The Delhi High Court is scheduled to pronounce on Tuesday its order on an interim application seeking stay on airing of webseries 'Hasmukh' on online media streaming platform Netflix for allegedly maligning image and reputation of lawyers.
Justice Sanjeev Sachdeva has earlier reserved its order on an advocate's interim application.
The application was filed in a suit seeking injunction on broadcast of the web series, which was opposed by Netflix on the ground that any such order would be contrary to freedom of speech and expression guaranteed under the Constitution.
The suit seeking injunction on airing of the series or deletion of some of its content, especially from its fourth episode, was moved by lawyer Ashutosh Dubey who said the web series maligned the image and reputation of advocates everywhere.
The court had earlier issued notice to Netflix and the show's producers and director seeking their stand on the suit.
Apart from seeking to stop airing if the show, the plaintiff has also sought directions to the web series producers, directors and writer to "tender unconditional apology online for maligning the image of the lawyers community, which includes judges too as they too had been lawyers at one point of time".
Netflix, in its written submissions placed before the court, has contended that there are several judgments which say that lawyers as a class cannot be defamed.
It has said that if an injunction is granted in this matter then it will open the floodgates to defamation litigation by "so-called class of persons, including chartered accounts, engineers, doctors, IAS officers, police officers, who may not agree with any cinematic or theatrical portrayal of their class".

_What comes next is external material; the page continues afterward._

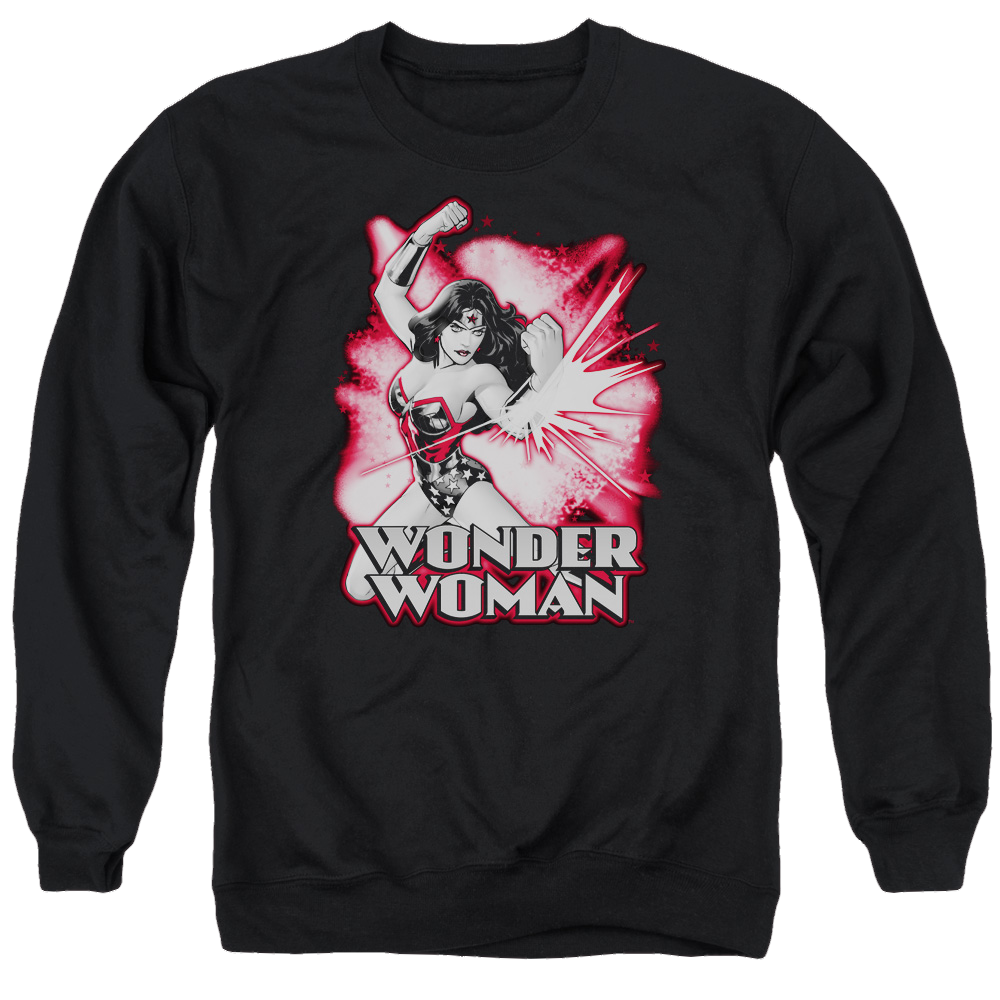 Justice League Wonder Woman Red &amp; Gray Men's Crewneck Sweatshirt Men's Crewneck Sweatshirt Wonder Woman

In the show, the protagonist, in each episode, murder professionals from various facets of life who have committed some wrong and then performs a stand-up act on such people, Netflix has contended.

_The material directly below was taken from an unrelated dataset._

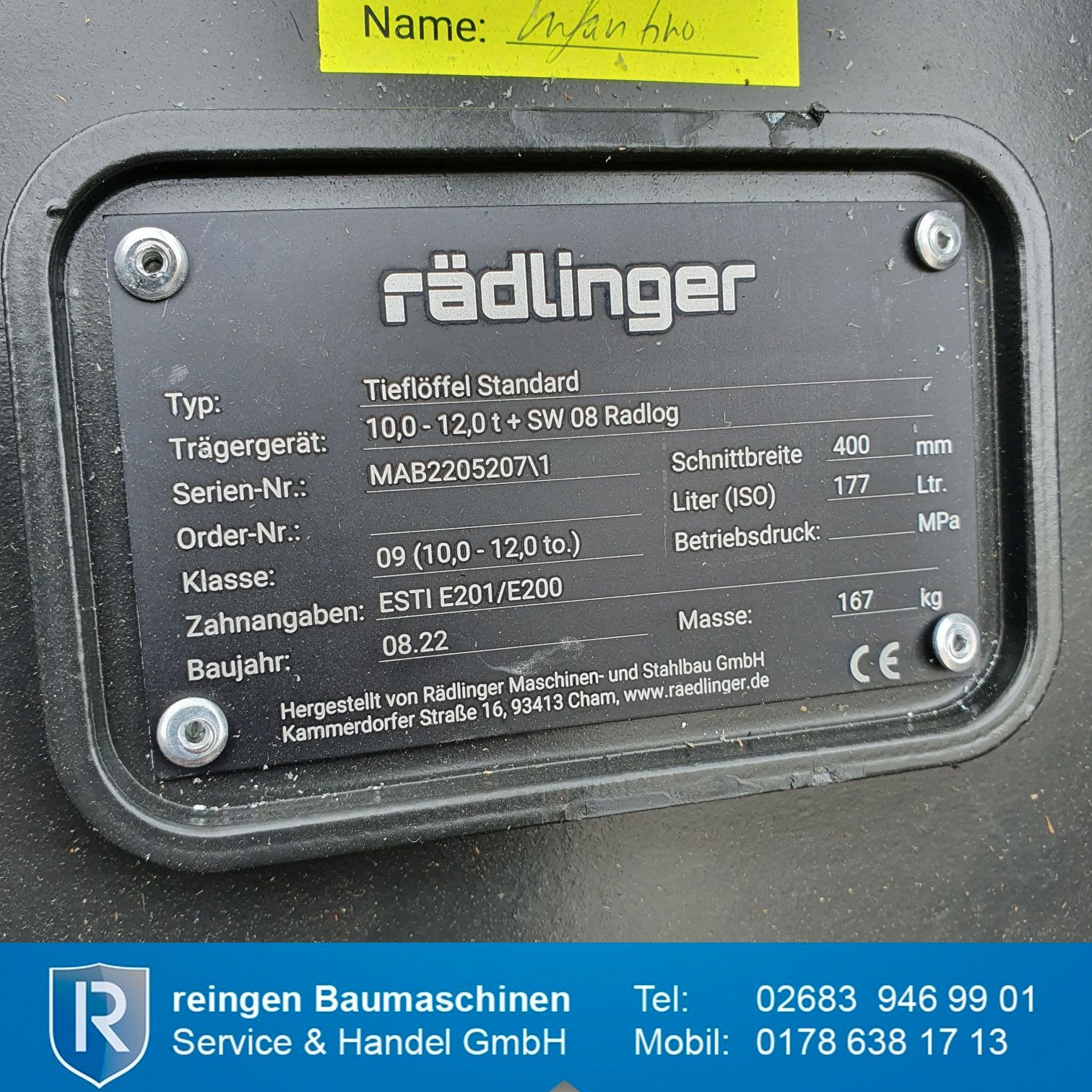 Tieflöffel Rädlinger Standard, 400 mm, SW08 Radlog, neu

t has further said that the series' theme makes it clear that the intention was not to defame or malign any particular profession, but the idea was to "spin a dark satirical comedy about evil in various walks of life and its impact on society".
Netflix, represented by advocate Saikrishna Rajagopal, has contended that if the suit is allowed then it would "sound the death knell for parodies and satire" which rely on making people laugh through critical comments on the state of affairs in society.

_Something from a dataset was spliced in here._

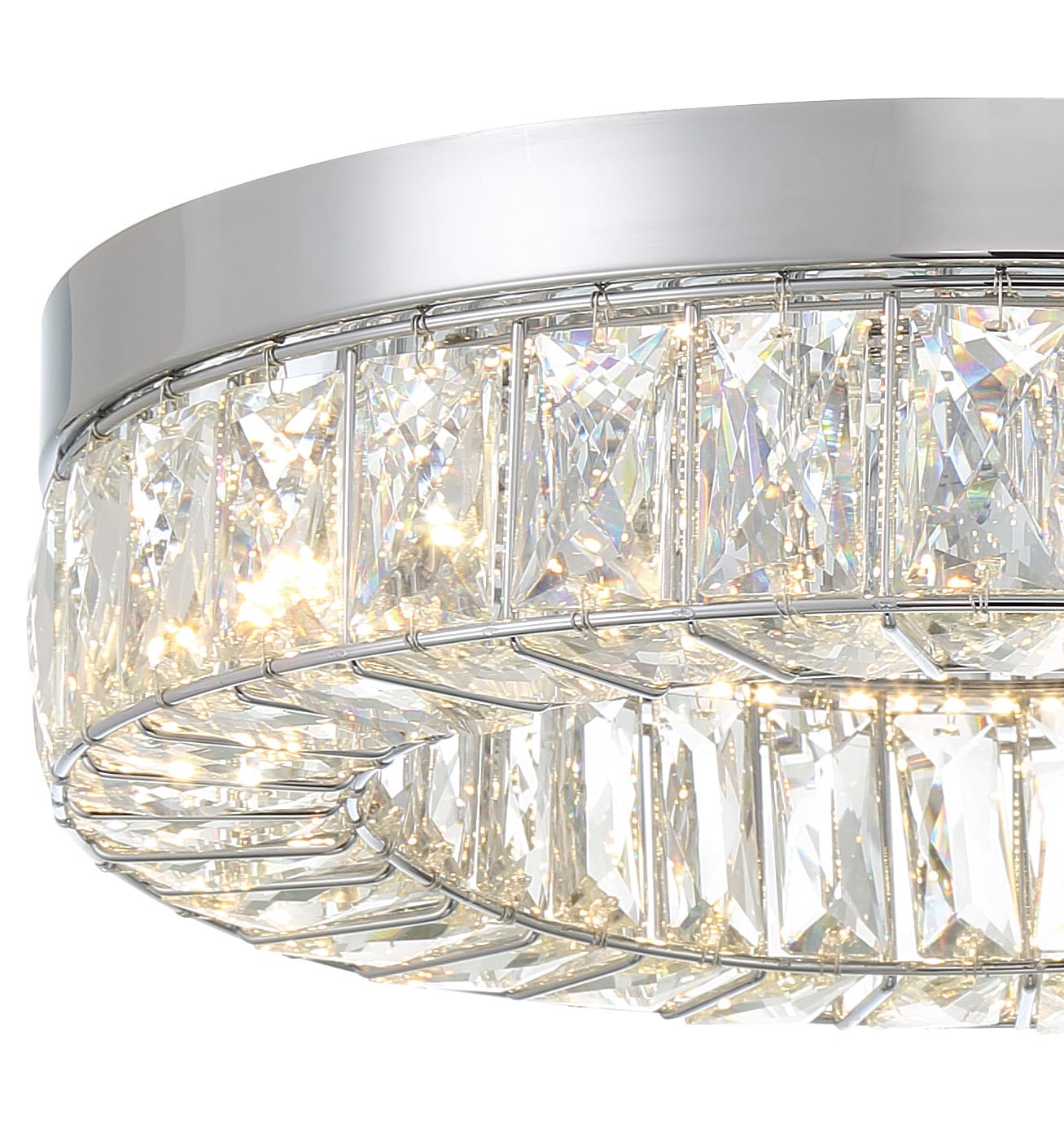 slide 5 of 6, allen + roth Aurelis 15-in Gloss Chrome Integrated LED Flush Mount Light, 1 ct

It has further said that webseries 'Hasmukh' is a work of fiction and the statements made in it by its characters are only meant to be taken as a figment of imagination and humour and not as a matter of truth.
It has also said that neither Netflix nor the webseries intends to defame or malign or bring disrepute to the image of the lawyers' community or the legal profession.
The plaintiff has claimed that in episode 4 of the web series, lawyers have been allegedly referred to as thieves, scoundrels, goons and rapists.
Dubey, who practices in the Supreme Court, has contended that "statements (in the series) are highly disparaging, defamatory and bring disrepute to the law profession and lawyers and advocates in the eyes of the general public".
He also sought "deletion or removal of the statements and contents from the show 'Hasmukh', especially from episode 4 of the series.